There are hopes that pricing and selling carbon just might be the magic bullet to solve the crisis, while at the same time generating lucrative returns for investors.
Carbon markets are being established on the assumption that if the 'right' price is placed on carbon, private companies and their financial backers will be driven to invest in so-called 'green' projects that capture and store carbon, thereby reducing greenhouse gas emissions in the world's atmosphere.
"Expecting some of the poorest of the poor to carry the social and ecological burdens of monoculture plantation forestry projects for carbon offset is both socially unjust, and ecologically just does not add up."Carbon markets are championed by those who believe that carbon emissions taking place in one part of the world can be offset by their capture or sequestration in another. Plantation forestry is a key sector in the carbon market, with many projects established in some of the poorest parts of the world, based on the assumption that they will confer benefits to the environment and the local people.
But does all the hype about carbon markets really stack up?
Research on the Norwegian company Green Resources - engaged in plantation forestry and carbon offset on the African continent - raises many questions about who benefits from the carbon market projects. In-depth research over two years in Uganda, where Green Resources has licence to over 11,000 hectares of land, demonstrates how local communities are the losers of such projects.
A recent report, The Darker Side of Green: Plantation Forestry and Carbon Violence in Uganda, published by the Oakland Institute, contributes to the critical conversation about the role of carbon markets in addressing climate change.
The report identifies profound adverse livelihood impacts associated with Green Resources' activities, including loss of land and heightened food insecurity, as well as destruction of sites of cultural significance. It also demonstrates the failure of Green Resources to engage in meaningful community engagement with affected villages, so as to deliver positive community development outcomes.
Yet this REDD [Reducing Emissions from Deforestation and Forest Degradation] type project (referring to any project that involves forestry carbon credits), and the audit mechanisms to which it must comply, fail to detect and/or challenge the impacts of Green Resources' activities.
Nor do they detect the extent to which environmental problems - including land clearing for animal grazing and crop cultivation - may simply be relocated from inside licence areas to other, often ecologically sensitive landscapes.
Importantly too, carbon market audits fail to consider the carbon capture enabled by local agro-ecological and organic farming systems, on which most subsistence and peasant farmers rely.
We are faced with a number of options in reducing global greenhouse gas emissions, something we all know is urgently needed.

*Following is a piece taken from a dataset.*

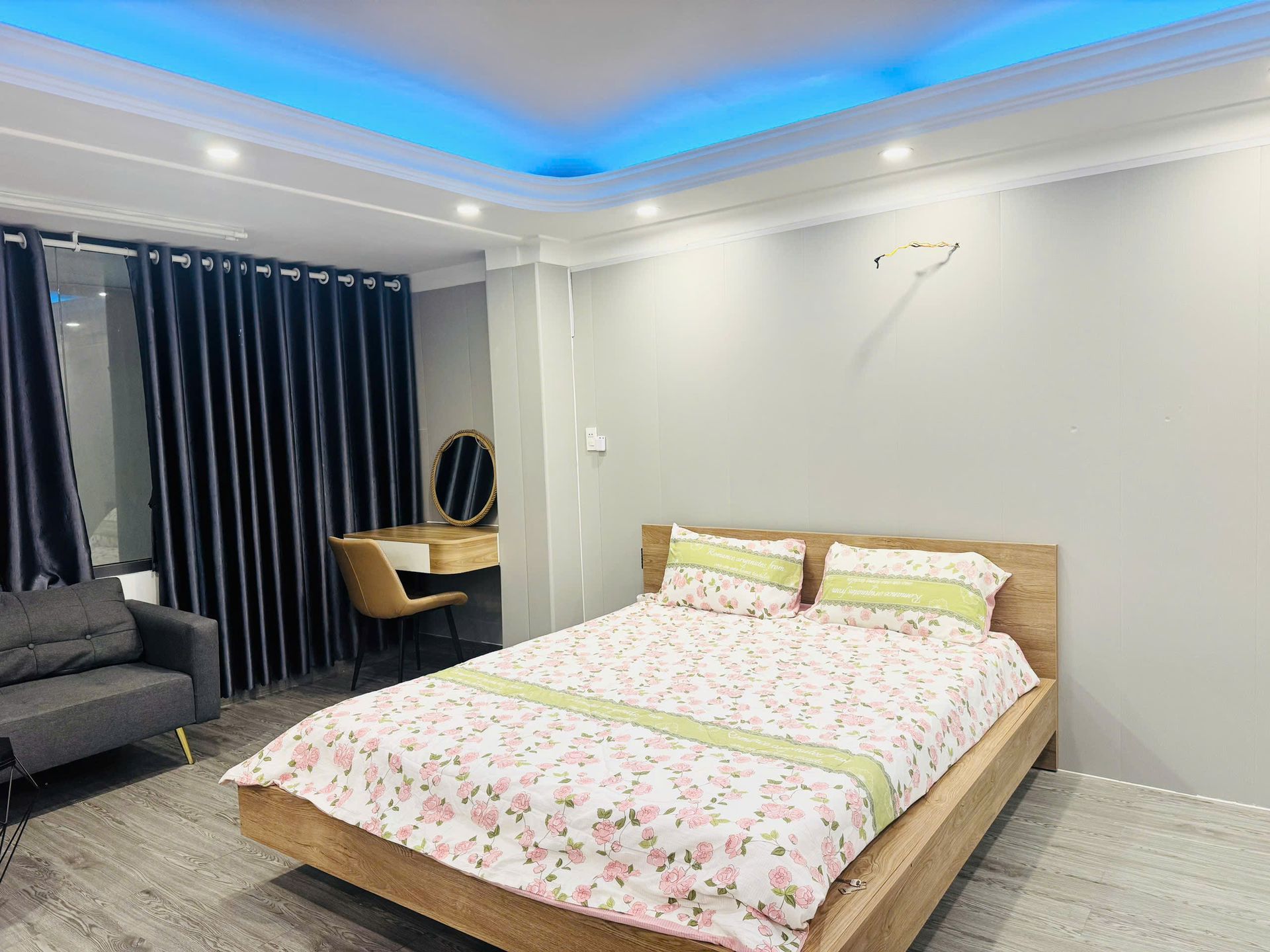 Giường và vách gỗ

Despite the promise by many that the magic of climate markets will solve the current climate crisis, the findings presented in the report discard this fairy dust, shining a light on the structural violence and inequities on which carbon markets are built.
Expecting some of the poorest of the poor to carry the social and ecological burdens of monoculture plantation forestry projects for carbon offset is both socially unjust, and ecologically just does not add up.